You want to know one of the biggest reasons to be highly optimistic about the future of Penn State football?

The assistant coaches.


They’re hungry. And appreciative.

This is the opportunity they’ve been waiting for their entire careers. After working their way up the coaching ladder, most at multiple random places off the beaten path, they’ve finally landed at a true destination program.

They weren’t born with a silver coaching spoon in their mouths, nor did they play at prestigious schools that ensured them jobs there at some point.

These guys have scratched and clawed their way to Happy Valley, bringing with them long resumes where they’ve learned their craft far beneath the radar of casual college football fans.

James Franklin gets a ton of recognition as one of the nation’s best up-and-coming head coaches. But with the way he delegates and trusts the guys on his staff, there’s no doubt the assistant coaches’ efforts will be very instrumental in any success PSU enjoys under Franklin.

“In my opinion, it’s the greatest program in college football,” linebackers coach and Altoona native Brent Pry said. “I grew up with so much admiration for it. I think throughout my coaching career, I’ve always carried some of what Penn State is about with me. So a chance to come here has been a real blessing.”

“I’m from Pittsburgh, so representing the state university of Pennsylvania is a thrill,” defensive coordinator Bob Shoop said. “The history and tradition of Penn State football is just incredible. I respect and admire the history of the program like you can’t even imagine. I just really want to help do my part to take Penn State football to the next level.”

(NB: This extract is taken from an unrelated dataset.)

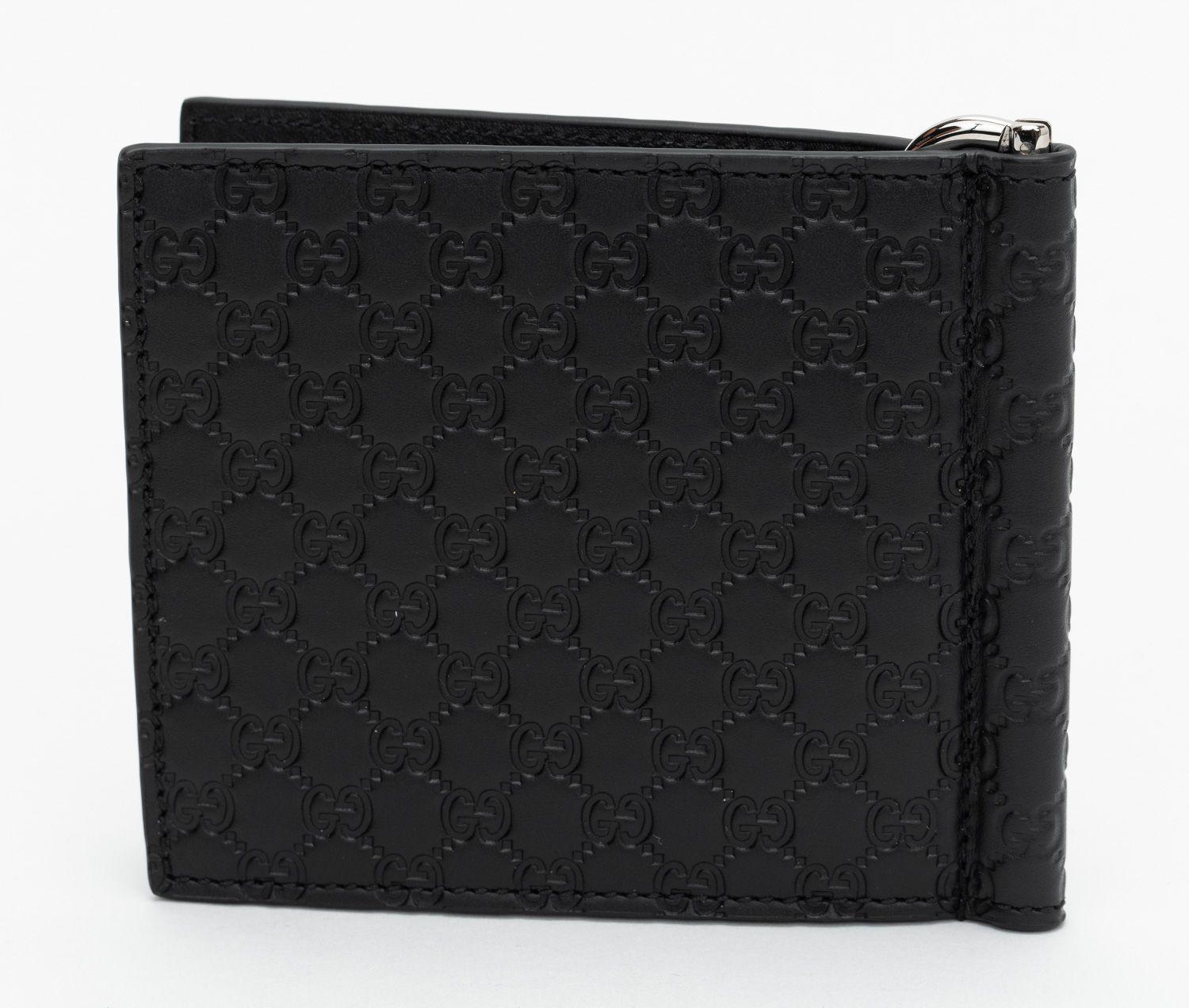 Gucci brand new wallet in black guccissima print leather with center money clip. 6 credit card slots. Comes withe orignla box, booklet and dust cover.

And perhaps the best for last …

“Growing up, I looked at people that worked here and said, ‘Wow, they work at Penn State,'” defensive line coach Sean Spencer said. “Now I realize that I’m part of the elite. I always wanted to be at Penn State, and I’m tremendously privileged to be able to work here.”

Pry worked at places such as East Stroudsburg, Western Carolina, Georgia Southern and Louisiana-Lafayette.

Shoop worked at Northeastern, Villanova, Yale and UMass.

Spencer worked at Shippensburg, Trinity, Hofstra and Holy Cross.

Many of the other assistants have made similar stops, and as with any profession, sometimes it just takes the right connection in order to land the dream job. These guys made that connection with Franklin, who greatly values them and brought most of them along with him from Vanderbilt.

“I am fiercely loyal as a person in general, and I’m going to be fiercely loyal to the guys that I’ve worked with in the past,” Franklin said about his assistants upon getting the job at PSU.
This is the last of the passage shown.